DIRECTIONS - The answer consists solely of the lines running from the one with "Женский кулон-крестик Xuping" through the final line below, transcribed exactly and without any pictures.
··· RECORDED DATA ···
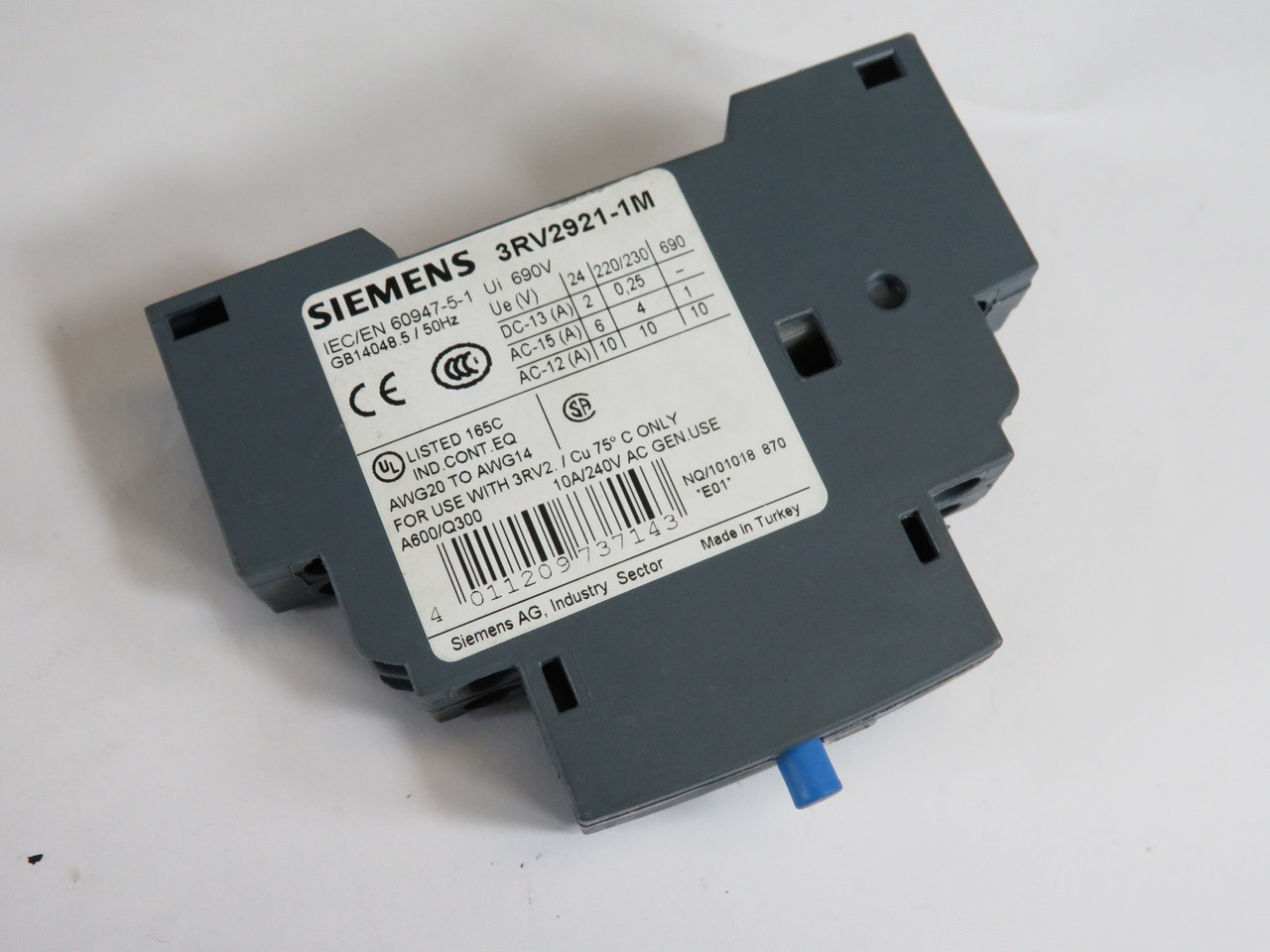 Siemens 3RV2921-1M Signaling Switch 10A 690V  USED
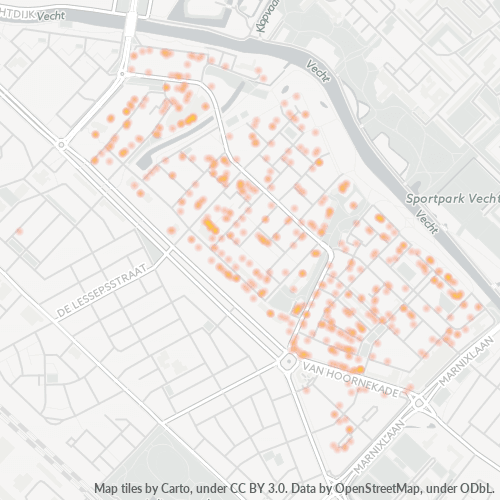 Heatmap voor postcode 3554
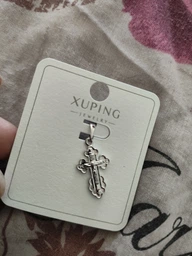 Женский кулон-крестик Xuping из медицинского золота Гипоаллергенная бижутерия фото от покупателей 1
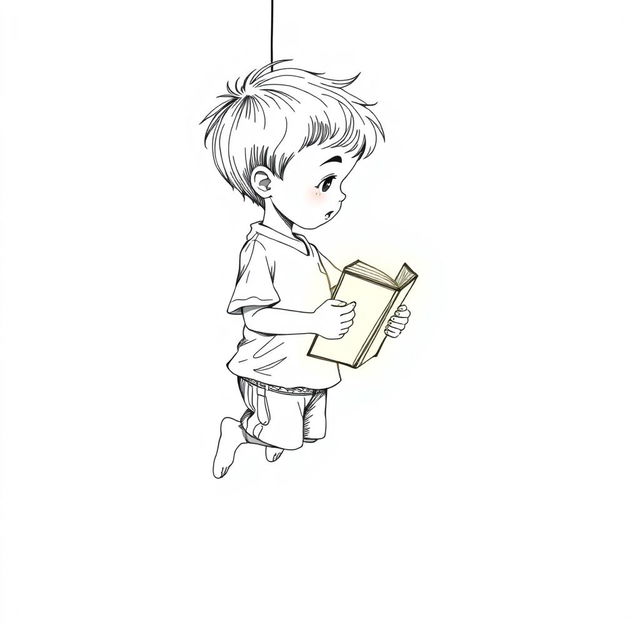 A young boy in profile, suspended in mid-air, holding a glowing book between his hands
···
EXERCISE RESULT -
 Женский кулон-крестик Xuping из медицинского золота Гипоаллергенная бижутерия фото от покупателей 1
 A young boy in profile, suspended in mid-air, holding a glowing book between his hands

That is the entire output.